The individual mandate for Americans to purchase insurance in a Senate health bill may be unconstitutional, one Republican lawmaker suggested Tuesday.

Rep. Phil Gingrey (R-Ga.) suggested that the provision in the Senate Finance Committee's bill requiring individuals to have health insurance much like they are often required to have auto insurance would not pass constitutional muster.

"I'm very much opposed to the individual mandate," Gingrey told "Dateline Washington," a conservative news radio program. "I frankly think it's unconstitutional to force people not only to purchase health insurance, but tell them what type of health insurance that they can purchase."

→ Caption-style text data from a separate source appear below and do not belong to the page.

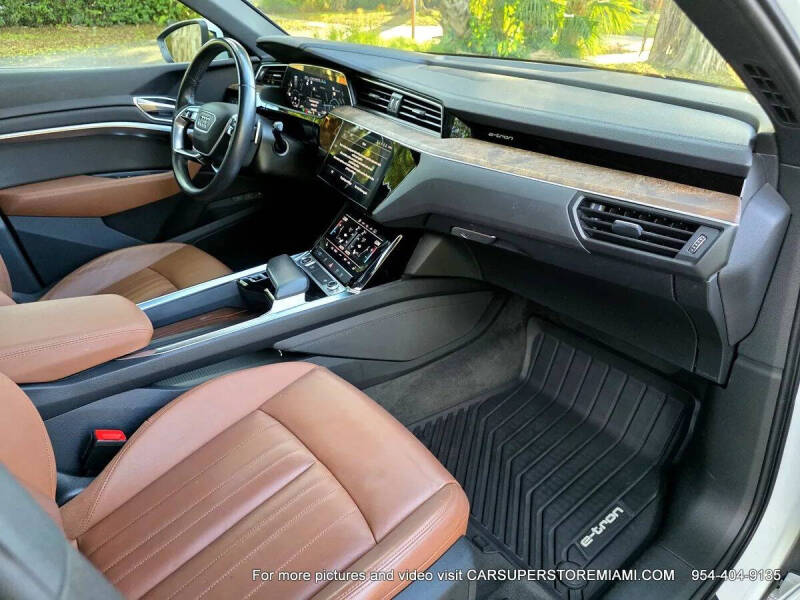 2021 Audi e-tron quattro Premium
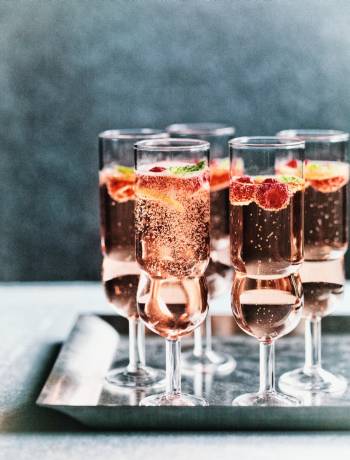 Rosé, raspberry and mint fizz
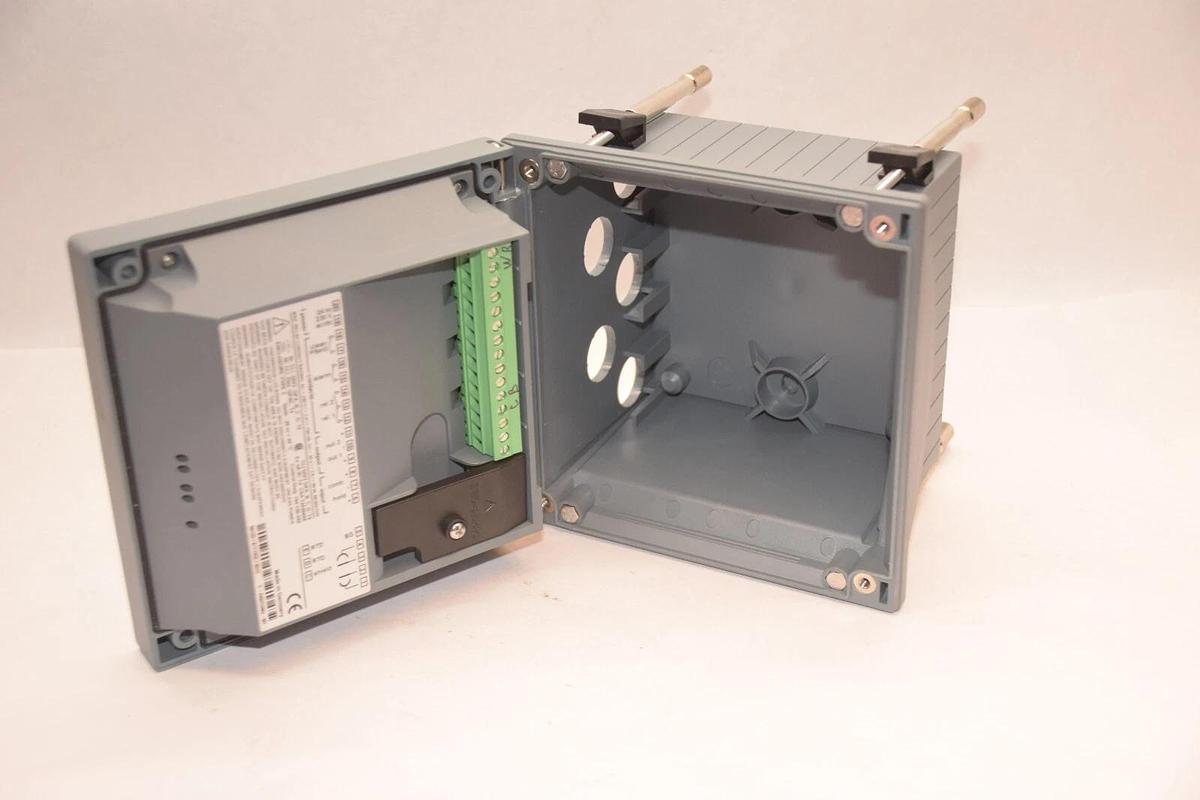 Used METTLER-TOLEDO COND 7100E F-2402COND-MT 24-230Vac/dc Conductivity Transmitter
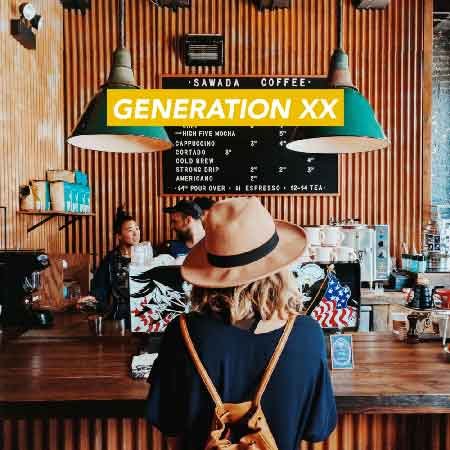 Illustration du podcast "generation xx" avec la représentation d'une jeune femme de dos, qui porte un chapeau et un petit sac à dos citadin ; elle se trouve dans un café au look urbain.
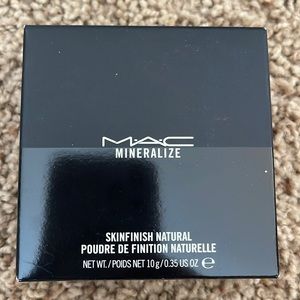 Mac Mineralize Skinfinish Natural in color Medium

Gingrey picked up on an argument made by two Republican lawyers made in the Washington Post late last month arguing that, under a strict interpretation of the Constitution, the Congress lacks the power to require individuals to buy health insurance.

The Georgia Republican said that the provision, along with the public (or "government-run") option were "deal-killers" for him. He suggested that it is "the American way" for individuals, particularly young workers, to choose to pay-as-they-go on healthcare if they so choose.

Gingrey did predict, though, that the public option would be stripped from health legislation in order to take political pressure off of President Barack Obama.

"He's spent a lot of political capital here, and they'll probably strip out the public option, and by the time it comes before us, it will be without a public option," Gingrey said.